How has the trip inspired you in your research?
During this trip, I have met some inspiring people both inside and outside of the lab. People who believed in me and who have reminded me why we researchers do what we do. I am grateful to those who helped me find the path I want to follow in cancer research and encouraged me to pursue my goals. Thanks to this, one of the highlights of this trip has been living in a housing co-operative in which I have cohabited with different post-graduate students from around the globe. It has certainly been an enriching experience culturally and intellectually. I had a great time and have made friends for life. I met some exceptional colleagues in the host lab, who were willing to share their research experiences with me. Similarly, it was very exciting to be able to see how things work in such a renowned university with outstanding biomedical research.

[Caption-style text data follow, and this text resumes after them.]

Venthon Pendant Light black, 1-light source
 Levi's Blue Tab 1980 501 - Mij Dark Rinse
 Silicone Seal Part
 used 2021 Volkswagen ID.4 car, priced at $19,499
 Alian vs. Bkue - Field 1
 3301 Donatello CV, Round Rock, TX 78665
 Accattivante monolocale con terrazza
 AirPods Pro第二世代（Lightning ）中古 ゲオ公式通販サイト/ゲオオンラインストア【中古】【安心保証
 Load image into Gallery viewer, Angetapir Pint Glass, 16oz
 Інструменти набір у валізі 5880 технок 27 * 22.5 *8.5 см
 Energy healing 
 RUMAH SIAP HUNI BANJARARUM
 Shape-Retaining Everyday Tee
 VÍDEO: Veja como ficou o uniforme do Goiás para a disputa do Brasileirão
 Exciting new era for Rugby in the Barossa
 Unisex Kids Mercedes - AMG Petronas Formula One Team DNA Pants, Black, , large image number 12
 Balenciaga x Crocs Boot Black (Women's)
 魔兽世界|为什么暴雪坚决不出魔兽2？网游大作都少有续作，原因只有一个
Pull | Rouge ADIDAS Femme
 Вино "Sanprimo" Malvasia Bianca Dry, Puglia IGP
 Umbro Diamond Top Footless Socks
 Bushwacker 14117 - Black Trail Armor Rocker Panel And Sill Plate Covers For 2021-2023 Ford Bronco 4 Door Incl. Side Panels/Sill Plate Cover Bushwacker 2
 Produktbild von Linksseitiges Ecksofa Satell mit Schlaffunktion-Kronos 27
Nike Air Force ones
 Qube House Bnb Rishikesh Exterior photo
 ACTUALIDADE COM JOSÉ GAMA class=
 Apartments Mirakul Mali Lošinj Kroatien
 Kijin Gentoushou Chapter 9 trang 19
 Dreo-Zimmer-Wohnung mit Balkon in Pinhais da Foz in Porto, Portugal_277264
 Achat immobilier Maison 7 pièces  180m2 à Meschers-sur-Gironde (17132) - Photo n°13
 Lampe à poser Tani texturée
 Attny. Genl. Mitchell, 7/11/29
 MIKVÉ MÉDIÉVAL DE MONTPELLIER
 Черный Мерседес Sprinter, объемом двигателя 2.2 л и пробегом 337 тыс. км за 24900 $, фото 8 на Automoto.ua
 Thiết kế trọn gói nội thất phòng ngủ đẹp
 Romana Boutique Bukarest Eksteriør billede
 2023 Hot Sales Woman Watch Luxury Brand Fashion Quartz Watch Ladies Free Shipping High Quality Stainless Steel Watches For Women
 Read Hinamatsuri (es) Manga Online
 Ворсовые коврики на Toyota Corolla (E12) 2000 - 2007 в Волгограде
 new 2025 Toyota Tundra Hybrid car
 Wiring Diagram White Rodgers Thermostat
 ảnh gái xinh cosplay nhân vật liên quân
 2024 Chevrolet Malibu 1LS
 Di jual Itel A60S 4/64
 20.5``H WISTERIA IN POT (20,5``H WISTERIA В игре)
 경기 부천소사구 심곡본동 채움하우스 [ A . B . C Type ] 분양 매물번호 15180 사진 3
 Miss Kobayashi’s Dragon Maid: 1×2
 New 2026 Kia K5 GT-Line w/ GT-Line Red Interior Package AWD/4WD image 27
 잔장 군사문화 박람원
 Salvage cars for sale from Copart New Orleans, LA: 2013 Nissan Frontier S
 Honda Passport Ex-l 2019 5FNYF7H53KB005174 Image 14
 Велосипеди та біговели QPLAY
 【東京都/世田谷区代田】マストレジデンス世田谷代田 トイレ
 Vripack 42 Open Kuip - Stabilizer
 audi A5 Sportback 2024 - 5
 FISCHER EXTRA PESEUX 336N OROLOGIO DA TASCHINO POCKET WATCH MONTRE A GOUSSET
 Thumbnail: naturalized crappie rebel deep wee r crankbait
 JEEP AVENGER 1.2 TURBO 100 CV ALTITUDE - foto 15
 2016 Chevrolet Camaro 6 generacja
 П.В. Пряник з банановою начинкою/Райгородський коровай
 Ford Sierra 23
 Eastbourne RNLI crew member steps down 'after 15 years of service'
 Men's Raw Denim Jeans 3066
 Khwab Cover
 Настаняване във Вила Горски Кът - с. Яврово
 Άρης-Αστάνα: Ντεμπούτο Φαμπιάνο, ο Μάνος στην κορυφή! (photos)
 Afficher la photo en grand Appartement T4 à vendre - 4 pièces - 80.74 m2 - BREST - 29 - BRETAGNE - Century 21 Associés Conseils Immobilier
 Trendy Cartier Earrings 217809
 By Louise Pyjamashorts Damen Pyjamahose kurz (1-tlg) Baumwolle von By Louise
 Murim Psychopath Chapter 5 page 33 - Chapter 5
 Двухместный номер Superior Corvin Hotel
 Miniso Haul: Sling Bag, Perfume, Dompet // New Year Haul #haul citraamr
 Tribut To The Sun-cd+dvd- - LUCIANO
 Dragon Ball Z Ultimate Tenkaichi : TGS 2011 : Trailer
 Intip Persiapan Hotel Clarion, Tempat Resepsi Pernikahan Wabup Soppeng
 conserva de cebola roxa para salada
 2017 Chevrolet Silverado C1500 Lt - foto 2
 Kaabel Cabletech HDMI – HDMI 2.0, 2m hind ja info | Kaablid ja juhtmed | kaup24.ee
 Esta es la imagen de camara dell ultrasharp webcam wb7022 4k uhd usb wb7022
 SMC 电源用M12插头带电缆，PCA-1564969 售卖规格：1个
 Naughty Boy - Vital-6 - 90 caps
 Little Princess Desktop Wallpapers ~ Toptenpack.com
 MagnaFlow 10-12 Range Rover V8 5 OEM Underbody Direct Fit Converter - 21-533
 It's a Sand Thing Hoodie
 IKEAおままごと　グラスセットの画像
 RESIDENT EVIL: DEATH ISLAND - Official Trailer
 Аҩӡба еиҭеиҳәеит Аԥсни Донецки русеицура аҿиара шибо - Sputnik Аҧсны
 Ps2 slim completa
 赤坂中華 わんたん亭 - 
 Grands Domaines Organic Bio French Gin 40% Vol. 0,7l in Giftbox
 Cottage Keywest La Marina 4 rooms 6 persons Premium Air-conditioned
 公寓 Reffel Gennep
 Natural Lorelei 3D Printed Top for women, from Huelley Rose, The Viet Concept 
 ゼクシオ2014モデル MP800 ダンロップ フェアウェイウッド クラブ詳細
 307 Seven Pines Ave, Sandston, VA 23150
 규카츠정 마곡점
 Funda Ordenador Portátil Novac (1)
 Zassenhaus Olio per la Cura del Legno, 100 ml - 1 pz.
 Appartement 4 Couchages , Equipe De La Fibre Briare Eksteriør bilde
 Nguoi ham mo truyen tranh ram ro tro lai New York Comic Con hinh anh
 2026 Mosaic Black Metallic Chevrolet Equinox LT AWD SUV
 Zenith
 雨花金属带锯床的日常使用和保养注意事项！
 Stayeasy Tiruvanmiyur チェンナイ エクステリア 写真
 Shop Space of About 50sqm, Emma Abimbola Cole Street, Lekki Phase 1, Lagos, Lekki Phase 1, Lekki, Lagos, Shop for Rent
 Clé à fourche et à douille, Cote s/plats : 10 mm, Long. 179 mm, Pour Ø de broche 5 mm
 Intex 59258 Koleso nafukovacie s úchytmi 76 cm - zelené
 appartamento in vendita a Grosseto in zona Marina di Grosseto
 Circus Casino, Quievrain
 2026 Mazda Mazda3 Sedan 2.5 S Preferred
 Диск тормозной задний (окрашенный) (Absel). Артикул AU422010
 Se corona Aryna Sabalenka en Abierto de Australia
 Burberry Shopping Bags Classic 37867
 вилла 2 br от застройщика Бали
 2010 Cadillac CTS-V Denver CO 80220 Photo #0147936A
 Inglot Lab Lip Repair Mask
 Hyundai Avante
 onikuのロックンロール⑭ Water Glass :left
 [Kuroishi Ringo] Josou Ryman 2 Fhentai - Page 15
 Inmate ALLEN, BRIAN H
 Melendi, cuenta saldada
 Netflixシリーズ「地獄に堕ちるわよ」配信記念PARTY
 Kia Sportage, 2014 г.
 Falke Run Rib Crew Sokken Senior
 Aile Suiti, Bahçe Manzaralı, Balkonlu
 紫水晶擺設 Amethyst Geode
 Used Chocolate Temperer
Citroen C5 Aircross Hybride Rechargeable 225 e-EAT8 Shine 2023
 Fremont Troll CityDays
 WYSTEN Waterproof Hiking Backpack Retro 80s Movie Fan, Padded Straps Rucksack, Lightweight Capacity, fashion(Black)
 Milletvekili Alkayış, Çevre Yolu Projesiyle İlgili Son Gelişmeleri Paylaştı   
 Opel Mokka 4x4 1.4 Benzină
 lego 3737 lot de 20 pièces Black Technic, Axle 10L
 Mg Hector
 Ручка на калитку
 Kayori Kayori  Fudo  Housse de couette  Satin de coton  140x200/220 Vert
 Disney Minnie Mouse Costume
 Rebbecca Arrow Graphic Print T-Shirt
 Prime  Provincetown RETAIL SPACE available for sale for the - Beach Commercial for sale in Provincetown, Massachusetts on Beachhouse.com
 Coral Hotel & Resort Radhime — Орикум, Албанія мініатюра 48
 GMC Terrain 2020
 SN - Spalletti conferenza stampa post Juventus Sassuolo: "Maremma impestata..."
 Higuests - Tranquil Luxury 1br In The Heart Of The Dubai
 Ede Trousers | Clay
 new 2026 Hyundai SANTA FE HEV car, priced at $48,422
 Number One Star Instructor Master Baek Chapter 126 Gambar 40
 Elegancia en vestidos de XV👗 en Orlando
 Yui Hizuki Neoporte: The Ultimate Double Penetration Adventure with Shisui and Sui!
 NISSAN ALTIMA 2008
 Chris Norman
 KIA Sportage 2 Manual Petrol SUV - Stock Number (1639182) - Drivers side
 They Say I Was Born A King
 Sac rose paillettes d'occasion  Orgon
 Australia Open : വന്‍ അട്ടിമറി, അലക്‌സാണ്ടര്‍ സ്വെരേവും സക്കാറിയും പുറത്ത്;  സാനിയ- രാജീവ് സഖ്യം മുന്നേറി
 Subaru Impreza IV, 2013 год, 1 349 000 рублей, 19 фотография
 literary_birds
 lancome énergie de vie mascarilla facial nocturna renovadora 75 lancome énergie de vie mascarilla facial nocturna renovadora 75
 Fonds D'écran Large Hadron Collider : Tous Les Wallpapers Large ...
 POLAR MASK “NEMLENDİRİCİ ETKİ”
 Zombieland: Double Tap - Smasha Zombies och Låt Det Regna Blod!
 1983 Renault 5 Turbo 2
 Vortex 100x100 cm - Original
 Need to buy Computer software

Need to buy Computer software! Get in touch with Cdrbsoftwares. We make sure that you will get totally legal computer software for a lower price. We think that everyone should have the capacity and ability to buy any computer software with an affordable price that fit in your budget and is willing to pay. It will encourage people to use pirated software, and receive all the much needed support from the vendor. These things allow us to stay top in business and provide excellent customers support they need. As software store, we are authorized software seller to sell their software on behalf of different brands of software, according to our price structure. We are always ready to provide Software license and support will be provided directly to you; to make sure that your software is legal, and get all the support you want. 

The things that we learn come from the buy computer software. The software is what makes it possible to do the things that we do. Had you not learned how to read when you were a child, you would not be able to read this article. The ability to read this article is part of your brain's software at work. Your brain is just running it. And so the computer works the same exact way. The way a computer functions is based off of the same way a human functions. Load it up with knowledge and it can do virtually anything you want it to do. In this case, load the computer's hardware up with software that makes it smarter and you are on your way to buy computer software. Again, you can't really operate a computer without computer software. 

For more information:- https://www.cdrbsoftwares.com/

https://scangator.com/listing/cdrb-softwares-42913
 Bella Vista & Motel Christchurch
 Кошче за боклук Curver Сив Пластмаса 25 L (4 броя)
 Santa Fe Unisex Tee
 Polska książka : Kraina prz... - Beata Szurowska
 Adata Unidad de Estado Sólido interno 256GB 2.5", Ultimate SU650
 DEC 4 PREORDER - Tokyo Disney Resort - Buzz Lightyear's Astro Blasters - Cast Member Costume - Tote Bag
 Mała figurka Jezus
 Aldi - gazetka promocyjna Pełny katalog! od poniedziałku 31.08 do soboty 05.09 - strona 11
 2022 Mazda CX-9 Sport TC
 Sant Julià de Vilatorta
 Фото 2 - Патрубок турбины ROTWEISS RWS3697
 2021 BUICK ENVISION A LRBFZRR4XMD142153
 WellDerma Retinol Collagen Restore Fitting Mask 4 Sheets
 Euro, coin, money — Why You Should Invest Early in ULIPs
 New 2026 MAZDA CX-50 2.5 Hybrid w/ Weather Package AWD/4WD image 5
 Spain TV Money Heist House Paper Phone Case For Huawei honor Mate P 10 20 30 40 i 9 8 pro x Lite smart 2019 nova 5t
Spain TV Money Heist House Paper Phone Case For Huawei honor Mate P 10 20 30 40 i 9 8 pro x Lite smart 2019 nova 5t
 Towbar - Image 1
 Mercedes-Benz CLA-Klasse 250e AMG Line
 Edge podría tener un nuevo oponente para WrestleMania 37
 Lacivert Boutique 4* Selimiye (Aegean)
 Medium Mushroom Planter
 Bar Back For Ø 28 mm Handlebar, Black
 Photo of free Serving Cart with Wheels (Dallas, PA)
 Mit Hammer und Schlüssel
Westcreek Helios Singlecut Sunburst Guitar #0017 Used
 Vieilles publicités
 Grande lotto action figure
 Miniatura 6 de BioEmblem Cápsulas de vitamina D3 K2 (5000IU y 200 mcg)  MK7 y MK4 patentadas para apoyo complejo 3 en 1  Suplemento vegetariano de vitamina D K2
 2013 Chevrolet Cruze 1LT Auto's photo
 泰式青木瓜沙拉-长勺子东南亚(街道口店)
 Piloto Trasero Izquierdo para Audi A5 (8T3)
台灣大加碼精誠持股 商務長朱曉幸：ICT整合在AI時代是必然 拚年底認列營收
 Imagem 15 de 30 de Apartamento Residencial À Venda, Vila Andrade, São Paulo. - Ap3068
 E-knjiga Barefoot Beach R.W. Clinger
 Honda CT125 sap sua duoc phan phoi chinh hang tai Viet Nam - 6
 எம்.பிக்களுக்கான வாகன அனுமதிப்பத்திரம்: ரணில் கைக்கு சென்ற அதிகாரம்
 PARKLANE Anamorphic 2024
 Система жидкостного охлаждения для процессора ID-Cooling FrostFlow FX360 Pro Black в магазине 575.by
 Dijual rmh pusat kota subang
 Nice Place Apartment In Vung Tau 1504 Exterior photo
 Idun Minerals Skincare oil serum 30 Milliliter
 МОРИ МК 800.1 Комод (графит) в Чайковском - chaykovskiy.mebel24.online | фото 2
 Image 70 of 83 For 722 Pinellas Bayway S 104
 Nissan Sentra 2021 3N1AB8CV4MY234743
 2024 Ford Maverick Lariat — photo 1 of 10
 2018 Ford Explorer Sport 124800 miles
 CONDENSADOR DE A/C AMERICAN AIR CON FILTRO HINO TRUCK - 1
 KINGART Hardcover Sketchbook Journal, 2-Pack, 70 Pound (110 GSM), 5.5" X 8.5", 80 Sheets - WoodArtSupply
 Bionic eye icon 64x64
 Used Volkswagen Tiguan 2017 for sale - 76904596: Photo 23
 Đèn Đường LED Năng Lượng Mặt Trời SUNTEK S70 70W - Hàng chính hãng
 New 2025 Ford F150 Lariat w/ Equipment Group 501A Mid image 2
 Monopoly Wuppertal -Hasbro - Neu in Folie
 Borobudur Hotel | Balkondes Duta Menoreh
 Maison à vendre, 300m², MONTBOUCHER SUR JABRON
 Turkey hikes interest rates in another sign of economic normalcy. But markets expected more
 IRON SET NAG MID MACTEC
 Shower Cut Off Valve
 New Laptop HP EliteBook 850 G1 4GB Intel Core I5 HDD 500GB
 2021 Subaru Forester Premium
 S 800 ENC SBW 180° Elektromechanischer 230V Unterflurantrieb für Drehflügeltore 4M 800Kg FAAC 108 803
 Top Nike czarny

Does your lab plan to do any future collaboration or publication with the host lab?
Thankfully, the collaboration that started thanks to this fellowship is still ongoing. Another student at Case Western Reserve is continuing the project I started in the host lab, and I am regularly in contact with them. Meanwhile in my home lab, we are planning to perform additional assays using DNA/RNA samples from the mutation carriers that would strengthen our hypothesis and the results obtained in the host lab. Moreover, we plan to collaborate in at least one or two publications.
How has this visit been beneficial to your research and/or your career?
Firstly, I benefitted because I was able to have access to techniques that are not available in my home lab. My group and I plan to take advantage of the new methods I learnt on my visit. These methods include pyrosequencing, cloning, adenoviral transduction and organoid generation. Visiting such an outstanding lab will be extremely beneficial for my future career. Hopefully it has made me a more desirable candidate for postdoctoral positions in the near future.